● **To do**:
Repeat the listing that follows character for character, omitting images.

● **Raw data**:
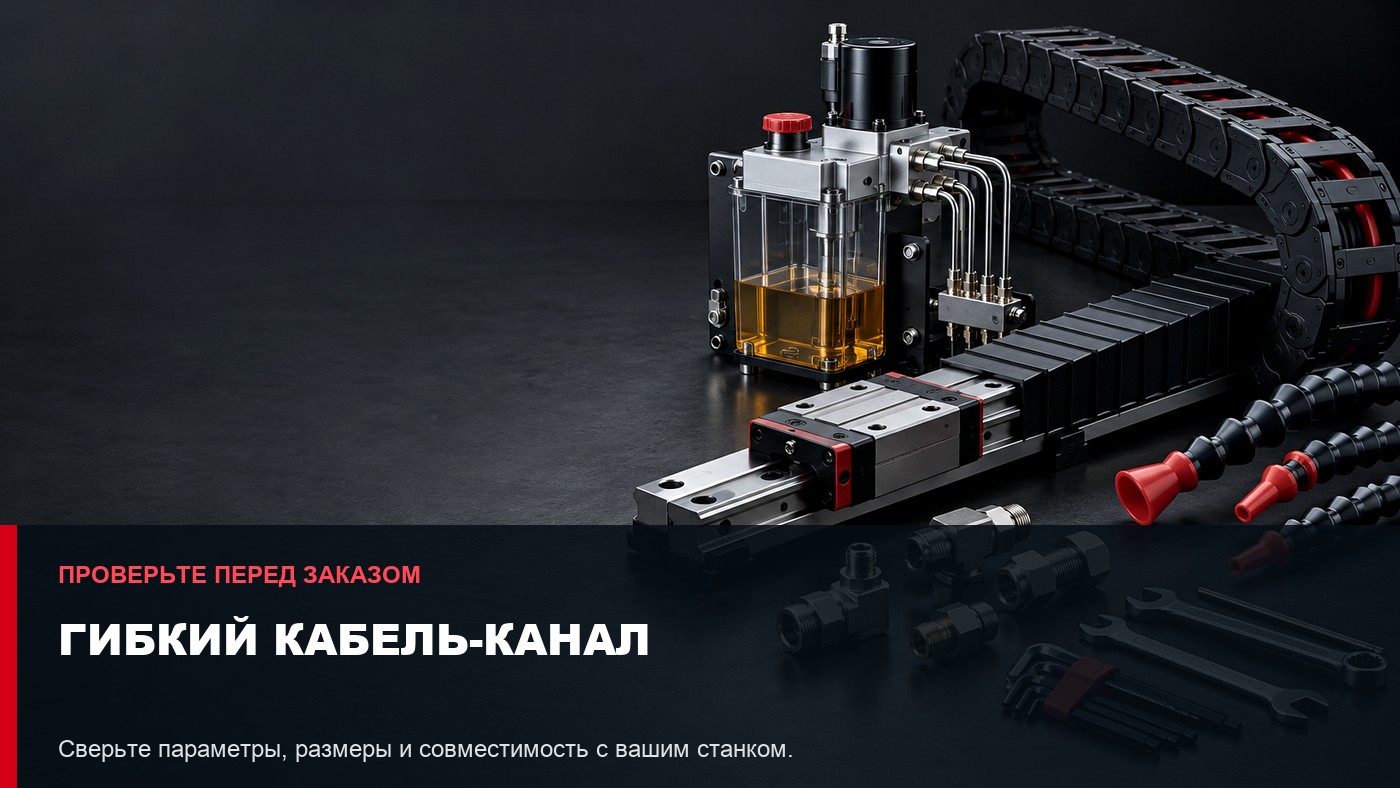 Как выбрать гибкий кабель-канал для станка с ЧПУ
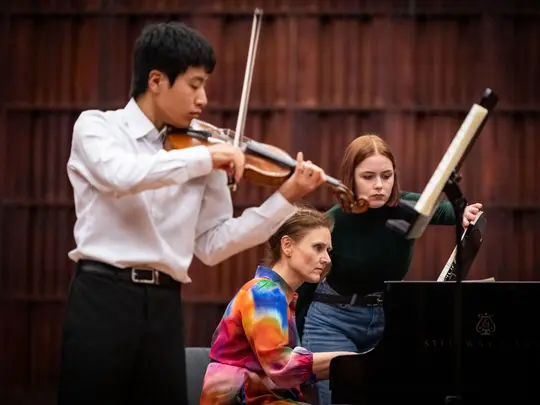 Yuichiro Haruno, at the piano PhD. hab. Anna Rutkowska-Schock, prof. AMKL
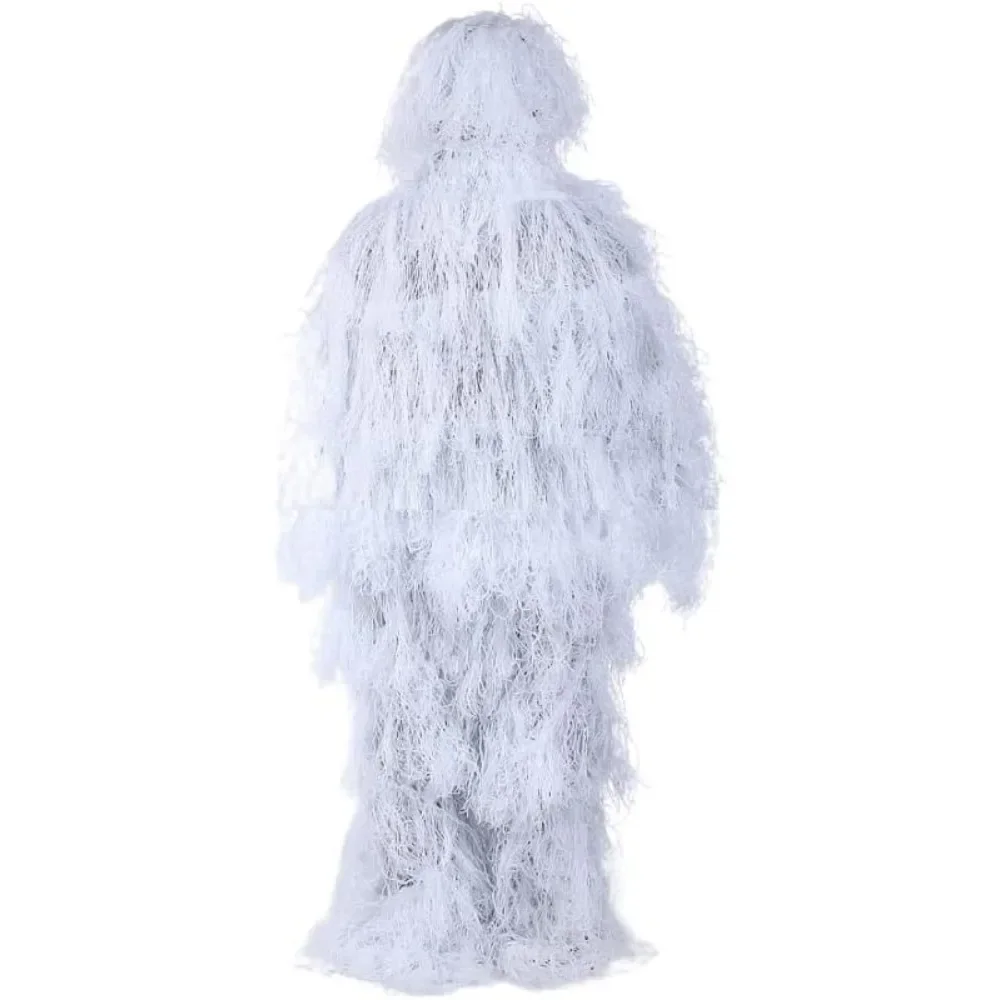 Snow Ghillie Suit White Camouflage Suit Hunting Camo Set for Men, Hunters, Snipers that is both durable and comfortable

● **Task response**:
 Как выбрать гибкий кабель-канал для станка с ЧПУ
 Yuichiro Haruno, at the piano PhD. hab. Anna Rutkowska-Schock, prof. AMKL
 Snow Ghillie Suit White Camouflage Suit Hunting Camo Set for Men, Hunters, Snipers that is both durable and comfortable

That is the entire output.